In her cinnamon-scented home, Schreckengost has a beautiful workshop dedicated to her passion. With a custom-made wood countertop to accommodate the grandkids and cabinets overflowing with neatly folded wool, Mary Kay’s sanctuary is a crafter’s heaven. “I always tell the girls, don’t buy any wool, come to me,” she laughs. “I don’t know what I’m going to do with it all.” 
Mary Kay slowly grew her collection by thrifting from local stores and dyeing her finds. When asked, she can remember what every detail of her pieces was in its past life, whether a wool coat or outdated cardigan. “Wool applique doesn’t have to stop with pillows and blankets,” Schreckengost explains. “You can dress up an old sweater or add some color to a denim shirt. I once embroidered cute little pumpkins across the neckline of a shirt and someone liked it so much, I just gave it to her. I can always make another one!” 

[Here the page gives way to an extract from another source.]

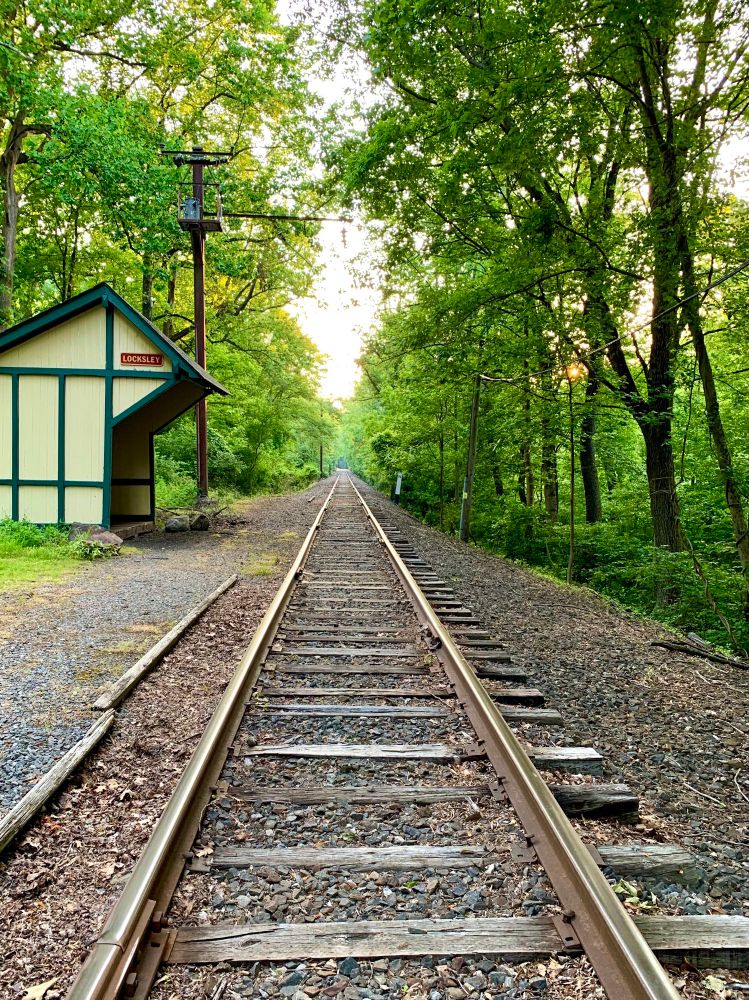 A view of train tracks extending straight into the woods under a partly cloudy sky. A small wooden train station, painted light yellow-beige, stands on the left.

Mary Kay, having lived in the area her whole life, loves to use her art to bring the community together. She often hosts small applique gatherings at her Salamanca home and, occasionally, even teaches introductory classes. “I was born and raised on Bucktooth Run,” she says. “I married the boy next door and raised my family here. I often joke with my close friend, who married her boy next door, we didn’t know we could go to town to find a husband!” 
Schreckengost, who also dabbles in furniture design and landscaping, has used her gifts to transform her house into a home. Her beloved workshop and outdoor “She-Shed” are where she sews, paints, or works on local commissions. She sells her applique work at craft fairs and “The Rusty Rooster” in Cattaraugus, but rarely for any profit. “I just hope someone sees something in my work, gets an idea, and wants to try it themselves,” she smiles. “I always love to introduce people to what could be their lifelong passion.”